The new and improved integration take the relationship between DagsHub and GitHub to more than JUST a mirror, by providing a full workflow for using both platforms, so users can utilize both platforms; GitHub for code reviews & CI/CD tools, and DagsHub for data science review & data versioning + experiment tracking.

Why did we build the integration?

What's New?

Up until now the GitHub connection only allowed for mirroring of git files from GitHub to DagsHub, syncing them periodically. This allowed you to use DagsHub powers like DVC & MLflow remotes, but as we said, it’s not enough.

From now on, the GitHub-connected repositories on DagsHub will have a complete workflow. In addition to the mentioned above, the new update adds:

  • Instant Repository Sync - The GitHub connected repositories are subscribed to the GitHub webhooks and are automatically kept in sync.
  • Sync Pull Requests & Issues - Pull requests & Issues created on GitHub are shown in DagsHub and vice versa. Use GitHub Actions for testing, training and deployment, and DagsHub to review code, data, models & annotations and when you're done, click the merge button to merge on both platforms.
  • View GitHub stars - The repository's star count moves with you to DagsHub! People can now star your project on both DagsHub and GitHub, and it will be shown on your DagsHub repository.
  • Specific Repository Access - You are now in control of which repos you give us access to. No more need to give full account-wide access, just choose the repositories you want to connect and grant DagsHub access only to them.

How to connect a GitHub repository to DagsHub?

If you have a GitHub project ready to connect, you can get started in less than a minute!

  • Step 1: Press the green ‘+ Create’ button on the top right and click ‘Connect A Repo’
  • Step 2: Click on the GitHub connect button and authorize in GitHub
  • Step 3: Choose to either give access to all your repositories or specific ones you want to connect.
  • Step 4: Click the repository you want to connect on DagsHub and click Connect Repository.

Boom! now you have a GitHub connected repo - as easy as that.

From now, new issues and PRs will get a nifty comment to help you move easily to DagsHub and enjoy all of its features.

Join the discussion

Note: You can change the comment settings in your DagsHub repository settings, under ‘GitHub Connection Settings’.

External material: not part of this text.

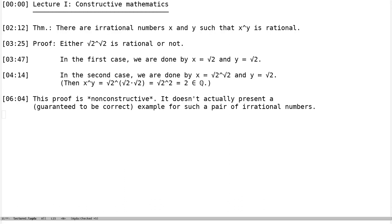That is why we call this a non-constructive proof: it doesn't actually give you an example. It just promises that there is an example somewhere in the platonic heaven. It cannot be that there is no example, but it doesn't actually produce one. In case you have studied number theory, you might know that using a delicate argument one can in fact show the second case holds true, but that requires separate integral computations — several pages long.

Githib connection settings

Superpowers gained by connecting a GitHub repository to DagsHub

Ok, I connected my repository. Now what?
I’m glad you asked, my italic text friend.

By connecting your repository to DagsHub, you gain DagsHub Storage, Experiment Tracking, DagsHub Annotation, Data Pipeline, Data visualizations and Data science review features.

What are those? you may ask, well let’s explore some of the powers you gain.

Fully configured DVC remote and MLflow server

If you’re already familiar with DagsHub, skip to the following section to read about new benefits

While your git-tracked code files stay on GitHub, your data, models & experiments live on DagsHub, with free fully configured DVC remote and an MLflow server. To use each one, all you need to do is copy a few lines of commands to your terminal (generated by DagsHub), and you're set to go.

Fully configured DVC remote and MLflow server
Press the ‘?’ icon to reveal the commands you need to type in order to use the remote.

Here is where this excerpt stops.